Nouvelle publication : 10 Downing Street: who’s next? Seemingly unrelated regressions to forecast UK election results

Le dernier article de Philippe Mongrain, "10 Downing Street: who's next?", est désormais disponible sur le site web de la revue Journal of Elections, Public Opinion and Parties. Voici un résumé de l'article. 

 

Au cours des dernières années, les firmes de sondage au Royaume-Uni ont fait fausse route à plusieurs occasions. Les sondages pour le référendum sur l’indépendance de l’Écosse en 2014 et ceux pour l’élection générale britannique de 2015 indiquaient des courses nettement plus serrées que celles-ci ne l’ont été au final. De plus, la majorité des sondages au sujet du Brexit ont incorrectement prédit qu’une majorité de Britanniques choisiraient de rester à l’intérieur de l’Union européenne. Bien sûr, cela ne veut pas dire que l’industrie du sondage court à sa perte, mais de telles erreurs devraient nous pousser à réfléchir sur des manières alternatives de prédire les résultats de consultations populaires.

 

Une telle alternative, qui a surtout été appliquée aux élections américaines, françaises, britanniques et allemandes, est le développement de modèles structurels basés sur un nombre limité de variables politiques et économiques.
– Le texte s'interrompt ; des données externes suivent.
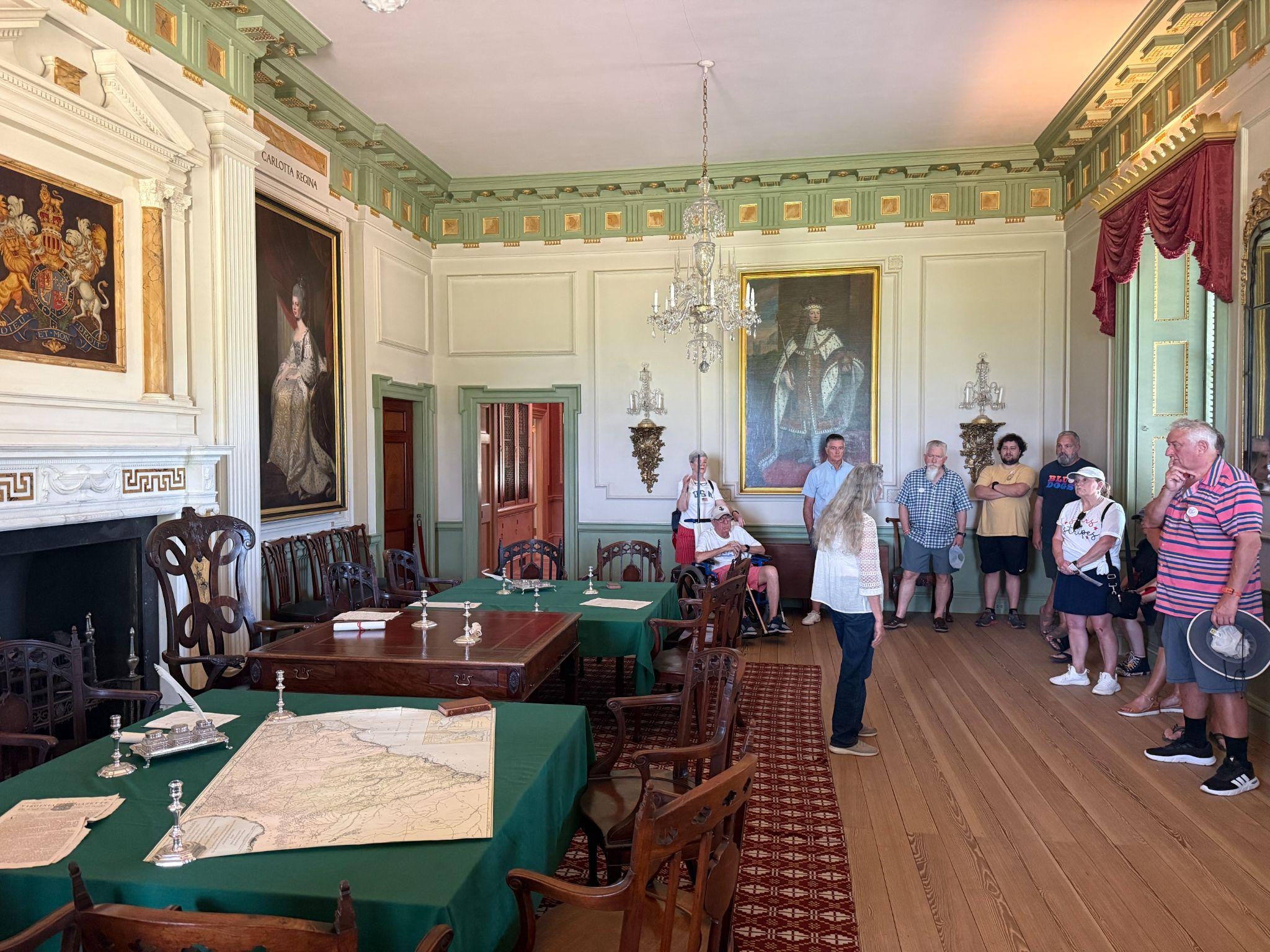 Interior council chamber at Tryon Palace in New Bern with royal portraits, a chandelier, and a guided tour group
Ma note de recherche dans le Journal of Elections, Public Opinion and Parties propose une nouvelle équation structurelle afin d'estimer la part des voix obtenues par le parti sortant au Royaume-Uni. Cette équation repose sur des données qui remontent à l’élection générale de 1959. S’inspirant entre autres des travaux de Lebo et Norpoth (2011, 2013) ainsi que de Lewis-Beck, Nadeau et Bélanger (2004; voir aussi Bélanger, Lewis-Beck et Nadeau 2005), le modèle proposé inclut quatre variables, à savoir (1) le pourcentage des voix reçues par le parti sortant lors de l’élection précédente; (2) le taux d’approbation/de satisfaction du premier ministre lors du troisième mois précédant le mois de l’élection; (3) le taux de croissance du produit intérieur brut (PIB) lors du second trimestre précédant le trimestre de l’élection; et (4) le nombre de mois passés au pouvoir par le parti sortant.

 

Plusieurs prévisionnistes se concentrent exclusivement sur la performance des sortants. Cela n’est pas surprenant dans la mesure où la plupart des modèles structurels sont basés sur la théorie du vote rétrospectif. Toutefois, estimer le score du parti sortant dans un système multipartite comme le Royaume-Uni ne fournit qu’une information limitée quant à l’issue globale d’une élection. Bien que certains modèles permettent de prédire les résultats de plusieurs partis (par exemple Prosser 2016; Stegmaier et Williams 2016), aucun modèle n’offre une prédiction pour différentes formations politiques en s’appuyant à la fois sur des facteurs politiques et économiques et sur des données couvrant une période de plusieurs décennies. En insérant mon équation structurelle pour le parti sortant dans un ensemble de régressions apparemment indépendantes, j’ai pu estimer la part des voix revenant à l’Opposition officielle, aux Libéraux-démocrates de même qu’à l’ensemble des partis restants.

 

Ce modèle de régressions apparemment indépendantes produit des estimations légèrement plus précises que des projections réalisées à partir de sondages d’intention de vote en termes de prédictions « hors-échantillon » (qu’on obtient en retirant des équations les données associées à l’élection dont on souhaite estimer le résultat). En termes de prévisions « avant-coup » (qu’on obtient en utilisant seulement les données disponibles avant l’élection), la supériorité du modèle proposé n’est pas aussi claire. Malgré tout, avec trois mois d’avance, le modèle se révèle pratiquement aussi précis que les données issues des sondages d’intention de vote. De plus, nonobstant laquelle des approches se révèle la plus performante, il me semble important de proposer de nouveaux outils et de nouvelles méthodes pour identifier les facteurs qui influencent les résultats d’élections (et d’autres types de consultations populaires). En ce sens, l’existence d’un grand nombre de modèles devrait être valorisée en elle-même. D'un point de vue épistémologique, il est également important de montrer que la science politique n’est pas limitée aux explications ex post facto. Les chercheurs en sciences sociales ne devraient pas hésiter à tenter de prédire le comportement humain et les décisions collectives.

Ce contenu a été mis à jour le 6 décembre 2021 à 9 h 29 min.